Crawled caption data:
# # # # #

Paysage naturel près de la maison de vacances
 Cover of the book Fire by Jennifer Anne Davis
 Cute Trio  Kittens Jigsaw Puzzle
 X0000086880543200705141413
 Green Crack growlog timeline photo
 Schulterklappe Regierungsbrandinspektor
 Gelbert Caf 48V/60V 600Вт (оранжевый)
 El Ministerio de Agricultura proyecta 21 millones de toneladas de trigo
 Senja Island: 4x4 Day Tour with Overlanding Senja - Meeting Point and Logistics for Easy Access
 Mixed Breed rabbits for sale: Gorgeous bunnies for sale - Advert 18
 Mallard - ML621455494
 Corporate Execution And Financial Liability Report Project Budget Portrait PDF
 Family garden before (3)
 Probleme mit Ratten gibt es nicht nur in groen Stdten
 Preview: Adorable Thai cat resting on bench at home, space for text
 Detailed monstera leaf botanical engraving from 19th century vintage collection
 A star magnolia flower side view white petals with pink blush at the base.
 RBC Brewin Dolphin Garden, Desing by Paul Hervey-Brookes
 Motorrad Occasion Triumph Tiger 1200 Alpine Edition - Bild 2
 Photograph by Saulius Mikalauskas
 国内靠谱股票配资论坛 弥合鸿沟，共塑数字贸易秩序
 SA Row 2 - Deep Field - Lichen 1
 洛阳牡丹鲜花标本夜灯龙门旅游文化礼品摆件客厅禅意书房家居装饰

# # # # #

All lines above from the one holding "Cover of the" to the one holding "Preview: Adorable Thai", inclusive, are to be copied exactly; no other line is wanted.

## Reply
 Cover of the book Fire by Jennifer Anne Davis
 Cute Trio  Kittens Jigsaw Puzzle
 X0000086880543200705141413
 Green Crack growlog timeline photo
 Schulterklappe Regierungsbrandinspektor
 Gelbert Caf 48V/60V 600Вт (оранжевый)
 El Ministerio de Agricultura proyecta 21 millones de toneladas de trigo
 Senja Island: 4x4 Day Tour with Overlanding Senja - Meeting Point and Logistics for Easy Access
 Mixed Breed rabbits for sale: Gorgeous bunnies for sale - Advert 18
 Mallard - ML621455494
 Corporate Execution And Financial Liability Report Project Budget Portrait PDF
 Family garden before (3)
 Probleme mit Ratten gibt es nicht nur in groen Stdten
 Preview: Adorable Thai cat resting on bench at home, space for text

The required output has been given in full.